(Scraped caption text data)

□ □ □ □ □

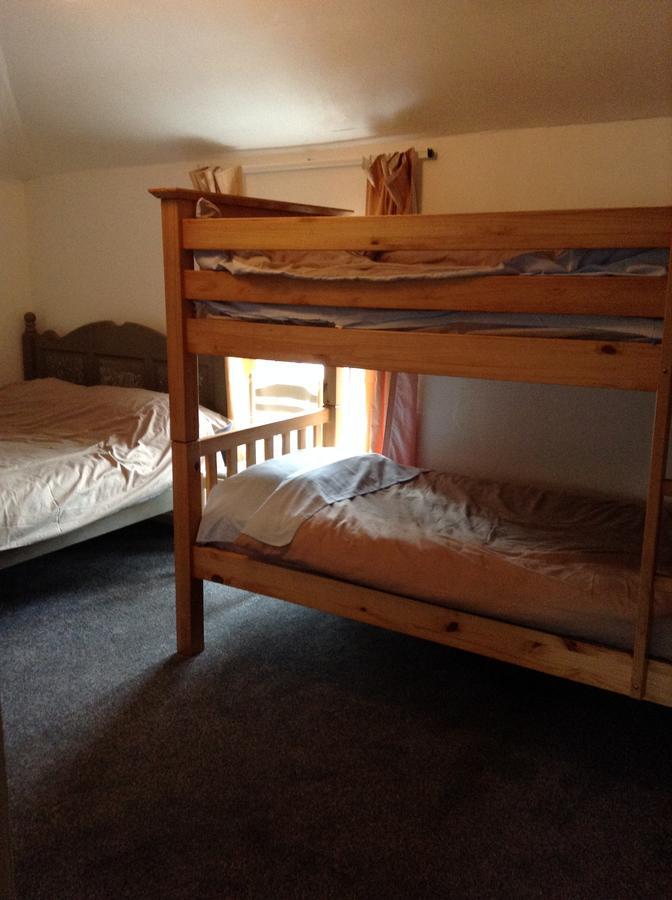 Pantyrathro International Hostel Carmarthen Buitenkant foto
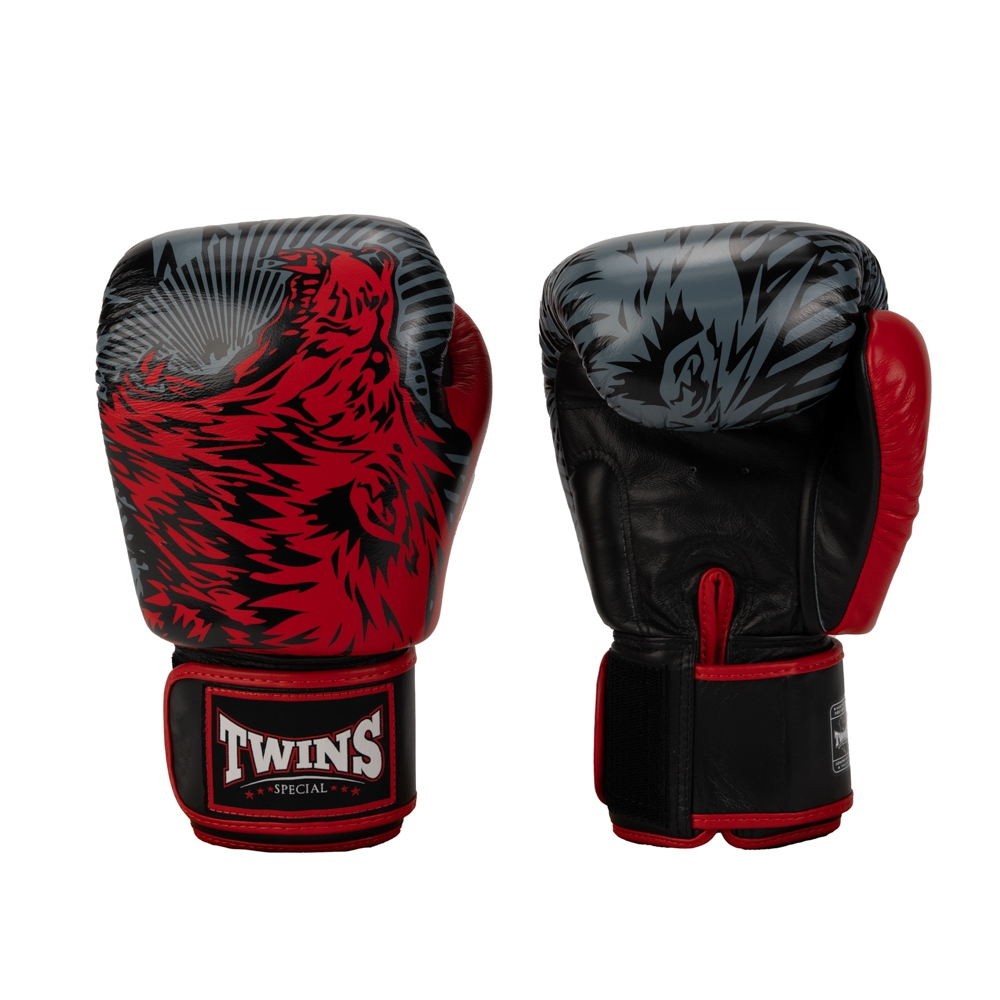 TWINS  SPECIAL WOLF BOXING GLOVES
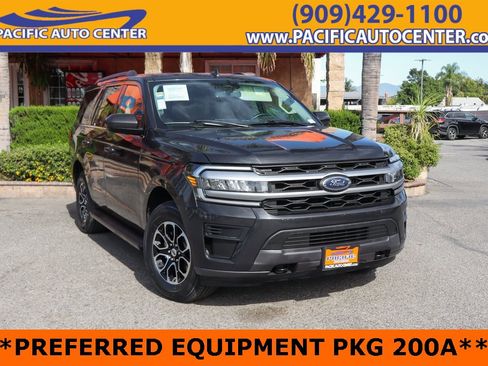 Used 2022 Ford Expedition XLT image 1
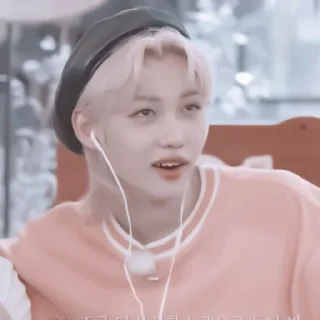 🍊 emoji 𝙛𝙚𝙡𝙞𝙭 𝙡𝙚𝙚 :: 🍊 @packsamgmin Telegram sticker 13 of 55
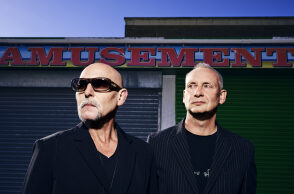 Dirty Rat: Δείτε το βιντεοκλίπ από τη συνεργασία των Orbital με τους Sleaford Mods.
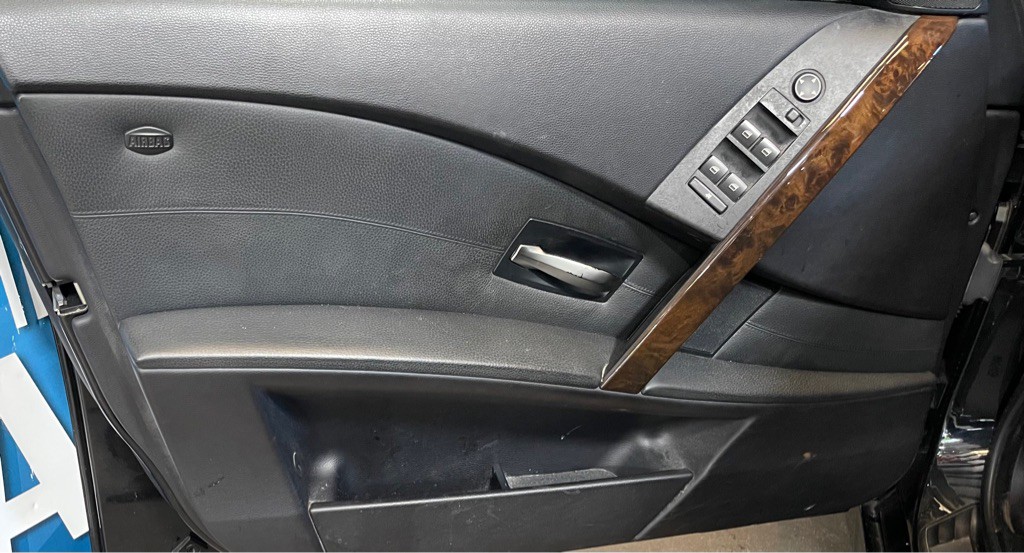 2004 BMW 5 Series Image 8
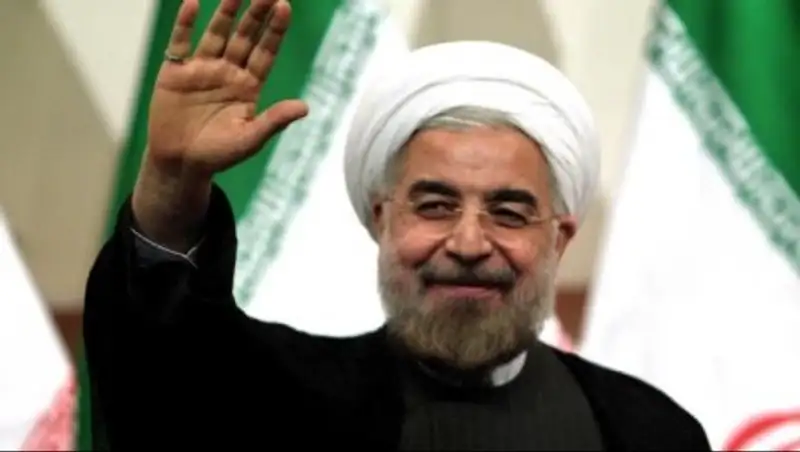 Духовный лидер Ирана утвердил на посту президента Хасана Роухани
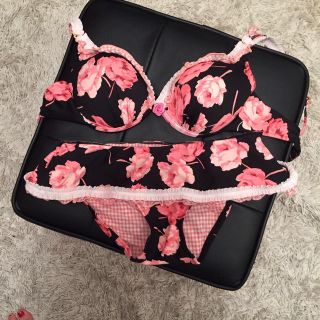 ベッツィジョンソン(BETSEY JOHNSON)の美品♥︎薔薇柄ビキニ(水着)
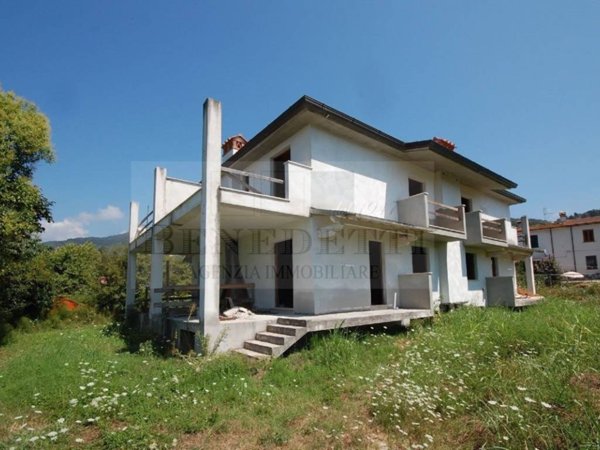 casa indipendente in vendita a Camaiore in zona Capezzano Pianore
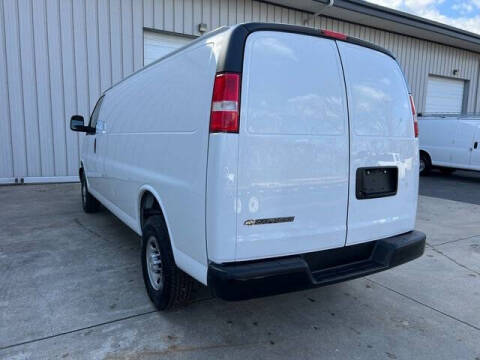 2023 Chevrolet Express 2500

□ □ □ □ □

- Problem to work on
Nothing but the lines from the one with "sticker 13 of 55" through the end of the entries above, both included, should be set down, exactly and without pictures.

- Response to this task
 🍊 emoji 𝙛𝙚𝙡𝙞𝙭 𝙡𝙚𝙚 :: 🍊 @packsamgmin Telegram sticker 13 of 55
 Dirty Rat: Δείτε το βιντεοκλίπ από τη συνεργασία των Orbital με τους Sleaford Mods.
 2004 BMW 5 Series Image 8
 Духовный лидер Ирана утвердил на посту президента Хасана Роухани
 ベッツィジョンソン(BETSEY JOHNSON)の美品♥︎薔薇柄ビキニ(水着)
 casa indipendente in vendita a Camaiore in zona Capezzano Pianore
 2023 Chevrolet Express 2500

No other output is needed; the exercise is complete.